LOGAN — Former Utah State University football standout Torrey Green was ordered Wednesday to stand trial on sexual assault allegations involving seven different women.
Prosecutors presented closing arguments recapping the women's testimonies from a three-day preliminary hearing last month and highlighting the similarities between their accounts.
On the stand, the women described how they met Green while he was playing football at USU between 2013 and 2015. Four of the women connected with Green on the dating app Tinder. One met him at a party. Green walked up and introduced himself to two more on campus.
The women said Green made a good first impression, on several occasions talking warmly about his family, and then quickly pushed to spend time with them. But the first time each of the women was alone with Green, they described how he wouldn't listen as they told him to stop kissing, touching or undressing them.
Green, who is from Rubidoux, California, graduated from USU in early 2016 and was signed as a rookie linebacker for the Atlanta Falcons. He was dropped by the NFL team in August after the sexual assault allegations began to surface, and he is currently being held without bail in the Cache County Jail.
In total, Green is charged with six counts of rape, a first-degree felony; aggravated kidnapping, a first-degree felony; two counts of object rape, a first-degree felony; and two counts of forcible sexual abuse, a second-degree felony.
First District Judge Brian Cannell ruled on each of the seven separate cases Wednesday that there is probable cause to support the 10 sex-related charges and ordered Green to stand trial.
A decision from the judge is still pending, however, on the aggravated kidnapping charge, as Cannell asked for additional briefing from both sides before issuing a ruling. Cannell could make a determination following a conference call about the matter scheduled for June 6.
Green's attorney, Skye Lazaro, contended Wednesday that prosecutors haven't sufficiently distinguished between allegations Green unlawfully detained a woman, identified as L.P. in court documents, and charges that he inappropriately touched the woman without her consent. The kidnapping charge cannot be part of the alleged assault, Lazaro argued, but must be distinct.
Prosecutors Barb Lachmar and Spencer Walsh, however, argued that Green would not let L.P. leave as he ignored the woman's objections, including catching her and pulling her back down when she tried to get up. This went on for the entire time L.P. was with Green, Lachmar said, about the time it took for a movie they had rented to play in the background.
As he rendered his decisions, Cannell repeated several times that the bind-over decision is not a finding of guilt.

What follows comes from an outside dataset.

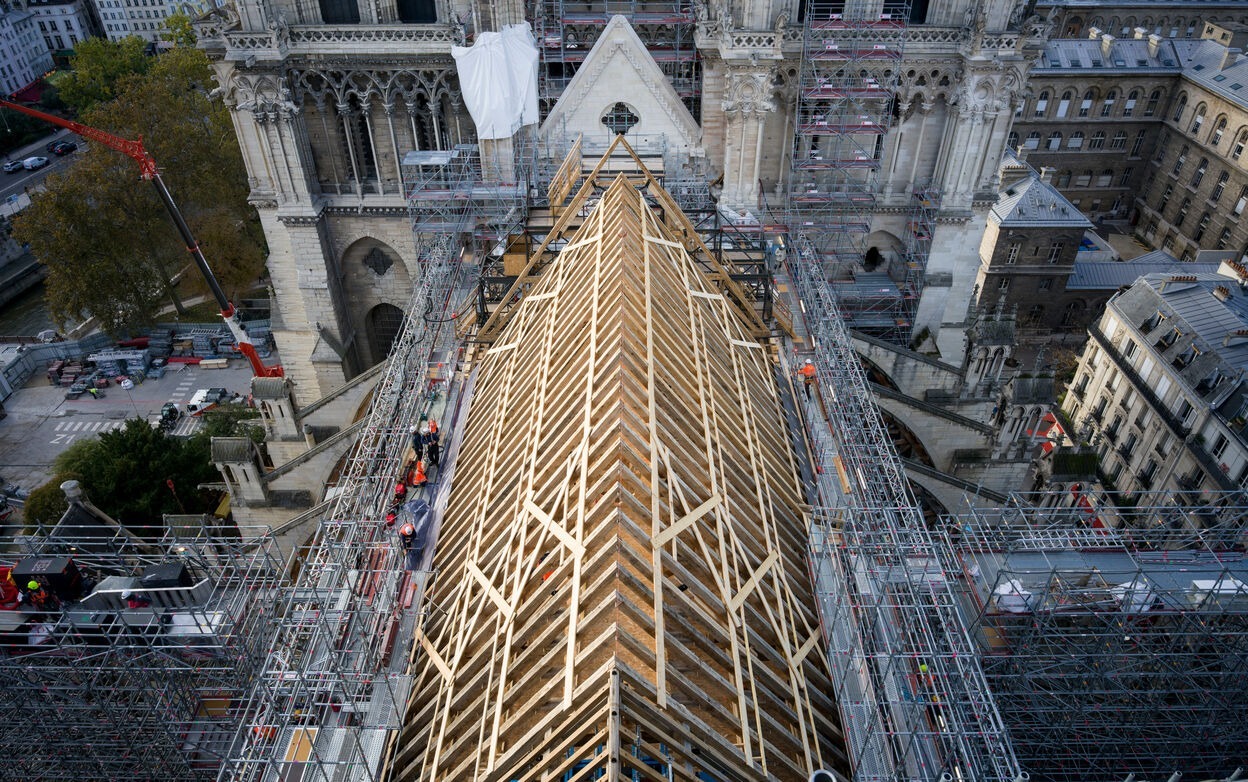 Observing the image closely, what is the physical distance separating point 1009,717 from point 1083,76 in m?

Lazaro argued against binding over each of the cases, citing gaps in some of the women's accounts or inconsistencies between their testimonies and what some of their friends recalled them saying about the alleged assaults shortly after they happened. Lazaro also pointed to a lack of physical evidence in the cases, some of which were reported two years after the fact, or argued that the encounters were consensual.
Lazaro did not comment about the judge's decision as she left the courthouse.

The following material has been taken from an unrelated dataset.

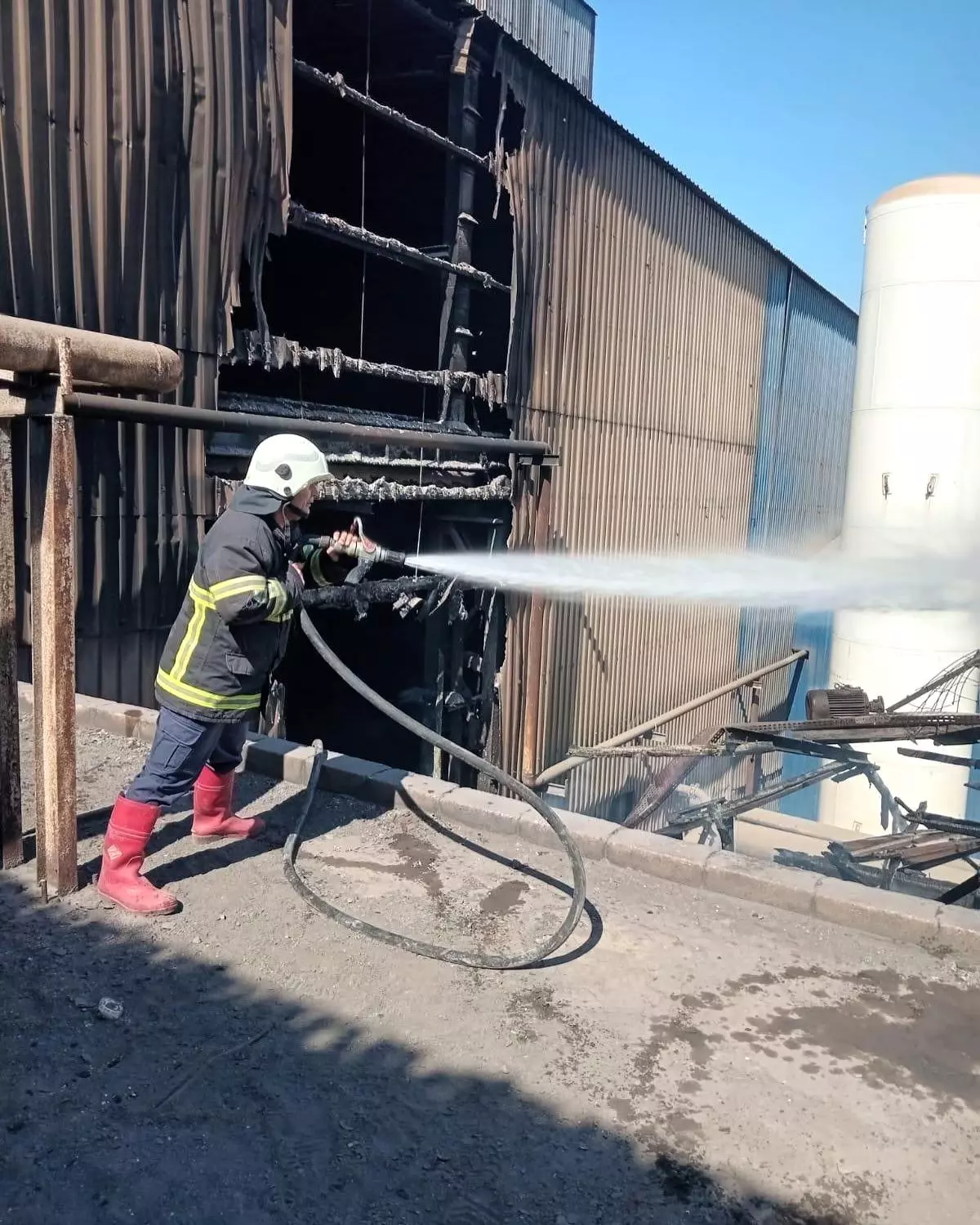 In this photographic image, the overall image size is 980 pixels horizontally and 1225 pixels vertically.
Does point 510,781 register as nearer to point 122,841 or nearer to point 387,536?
point 122,841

Following the hearing, Walsh commended the seven alleged victims for coming forward and reporting the alleged attacks to police.

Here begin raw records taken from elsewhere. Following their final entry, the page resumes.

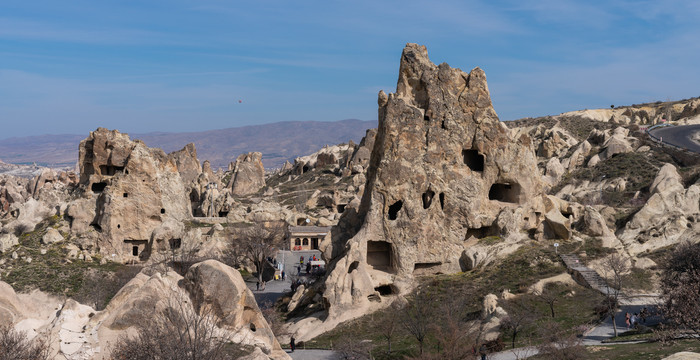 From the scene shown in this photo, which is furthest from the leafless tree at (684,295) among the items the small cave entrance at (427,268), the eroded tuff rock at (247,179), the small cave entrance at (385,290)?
the eroded tuff rock at (247,179)

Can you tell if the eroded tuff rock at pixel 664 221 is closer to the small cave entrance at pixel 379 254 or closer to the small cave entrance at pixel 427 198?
the small cave entrance at pixel 427 198

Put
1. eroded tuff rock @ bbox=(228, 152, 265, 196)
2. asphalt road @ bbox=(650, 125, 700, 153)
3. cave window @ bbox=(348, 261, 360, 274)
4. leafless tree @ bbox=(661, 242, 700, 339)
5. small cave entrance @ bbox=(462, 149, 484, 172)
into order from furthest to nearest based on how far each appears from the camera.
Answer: eroded tuff rock @ bbox=(228, 152, 265, 196), asphalt road @ bbox=(650, 125, 700, 153), small cave entrance @ bbox=(462, 149, 484, 172), cave window @ bbox=(348, 261, 360, 274), leafless tree @ bbox=(661, 242, 700, 339)

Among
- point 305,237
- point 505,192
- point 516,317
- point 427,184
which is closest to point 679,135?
point 305,237

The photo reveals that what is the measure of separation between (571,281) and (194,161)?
8395 centimetres

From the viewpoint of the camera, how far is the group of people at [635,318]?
28742 millimetres

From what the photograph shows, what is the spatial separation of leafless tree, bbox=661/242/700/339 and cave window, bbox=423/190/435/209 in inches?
514

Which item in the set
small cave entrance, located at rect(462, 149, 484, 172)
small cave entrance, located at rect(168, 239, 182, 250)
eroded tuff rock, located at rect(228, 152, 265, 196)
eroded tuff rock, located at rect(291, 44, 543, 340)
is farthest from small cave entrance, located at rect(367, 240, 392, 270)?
eroded tuff rock, located at rect(228, 152, 265, 196)

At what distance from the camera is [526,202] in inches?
1618

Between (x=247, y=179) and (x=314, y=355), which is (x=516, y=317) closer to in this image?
(x=314, y=355)

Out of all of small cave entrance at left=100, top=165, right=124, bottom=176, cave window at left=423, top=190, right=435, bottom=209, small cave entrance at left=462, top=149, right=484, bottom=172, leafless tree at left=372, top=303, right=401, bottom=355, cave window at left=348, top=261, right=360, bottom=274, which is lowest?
leafless tree at left=372, top=303, right=401, bottom=355

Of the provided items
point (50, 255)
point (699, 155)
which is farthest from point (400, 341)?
point (699, 155)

"We're very grateful for the victims in these cases, for the courage in reporting to law enforcement, and also their courage in coming into the courtroom and testifying at these preliminary hearings," Walsh said.
Walsh and Lachmar noted Wednesday how several of the women testified that even as they fought the college linebacker, Green responded by telling them, "I know you want to," or "I know you like it."
One woman, identified in court documents as V.G., testified that after Green raped her, he asked, "You're not the kind of girl who would report a rape, are you? Because that would ruin my career."
Another woman, identified in court documents as C.H., said Green made a similar comment to her after raping her. When she asked what he meant, he allegedly explained, "I've had friends go away for a lot less than this."
In order to show jurors the pattern Green has followed as he allegedly assaulted each of the women, prosecutors are seeking the ability to introduce evidence from all of the cases at each of Green's seven separate trials under a "doctrine of chances" motion.
"We feel like that would put a jury in a better position to make a decision on these cases," Walsh said.
Walsh declined to comment on whether plea negotiations have or will be offered to Green.